Do I need to have health care insurance as a US citizen when I'm away?

I support ObamaCare, but I don’t understand about the requirement that USA citizens must now have health insurance. I just got a new plan, and they don’t support any medical needs when I’m out of the country! So, if working abroad 6 months of year, how do I NOT pay insurance for those months and NOT get a tax penalty? FYI, I’ll be in a pretty high tax bracket in 2016.


I’d talk to an advisor, but you’d be better off all around by trying to qualify for the feie. You’ll not have to meet the health care requirement and you get the tax break.

Hey @ericvanbuskirk ,

I deal with this as well.

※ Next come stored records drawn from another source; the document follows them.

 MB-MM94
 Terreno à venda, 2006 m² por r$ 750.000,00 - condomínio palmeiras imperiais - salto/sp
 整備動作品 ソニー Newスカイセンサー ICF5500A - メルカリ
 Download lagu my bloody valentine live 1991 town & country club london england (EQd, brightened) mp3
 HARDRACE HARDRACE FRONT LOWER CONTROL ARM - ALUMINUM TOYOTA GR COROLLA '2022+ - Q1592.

The answer is

U.S. citizens living in a foreign country for at least 330 days of a 12-month period are not required to get health insurance coverage for that 12-month period. If you’re uninsured and living abroad under this definition, you qualify for a health insurance exemption. This means you don’t have to pay the fee that other uninsured people must pay.

For your 6-month case, and my 7-month case, I’m 99% certain that means you need to register for ACA in whatever state you more or less arbitrarily choose to reside in during those months.

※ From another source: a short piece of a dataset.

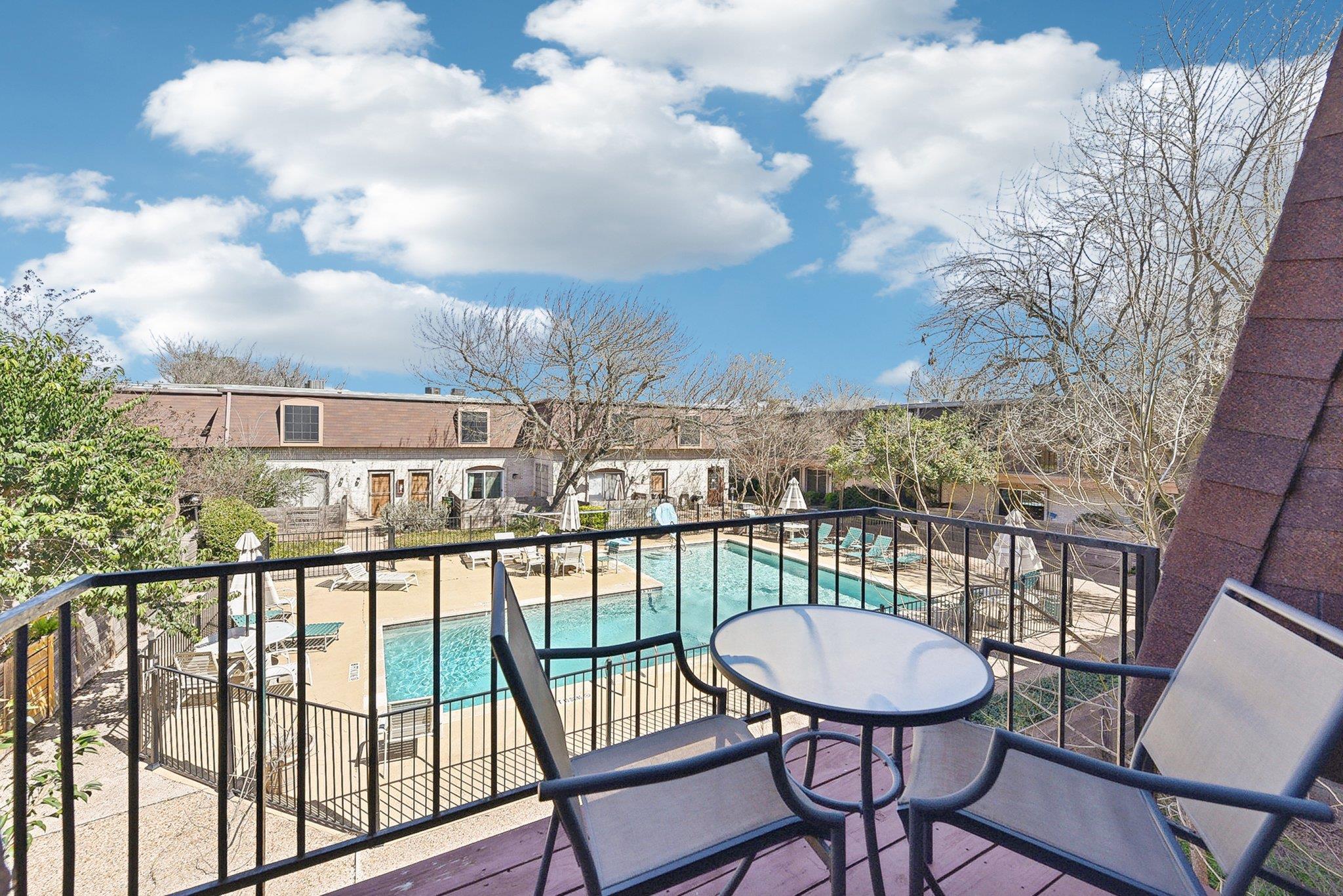 7801 Shoal Creek Blvd # 224, Austin, TX 78757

I have not spoken with a lawyer about this, primarily because the rule seem so similar to the Foreign Earned Income Exemption (feie). I’m assuming they used that tax rule as a model. Obviously, as @wanderingdev references, in order to qualify for either rule you will need to stay out for an additional 5 months. Much easier said than done.

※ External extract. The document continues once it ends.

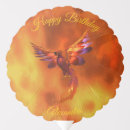 Search for phoenix bird crafts party Flames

On the opposite end of things, I believe you are allowed 90 contiguous days uninsured without being penalized per year. I can’t find that directly on an ACA website but here it is from another:


@Miquel and @wanderingdev Thanks for the feedback. I’ll admit I’m for Obama Care (although I don’t qualify because of salary). However, when you consider that at least some healthcare companies do NOT cover you when you’re abroad, this defeats the purpose of making Americans have health care. Sure, everyone should have it or be “punished.” But it’s similar to double taxation if a person works abroad 1/2 the year (something which none of us have to worry about). I can’t do more than 7 months work abroad and shouldn’t be pushed into staying out of the country. True, maybe I can drop it for three months. So, indeed I’ll have to speak w/ an attorney or accountant that knows about this

I agree with you. While double-taxation is a thing and the US is actually relatively friendly compared to other countries I have heard about, double healthcare does seem silly. The situation to me is reflective of a rule I’ve discovered in my own life: The broader scope of a policy, the more painful it is to be exceptional. So we just have to pick our times to be exceptional carefully.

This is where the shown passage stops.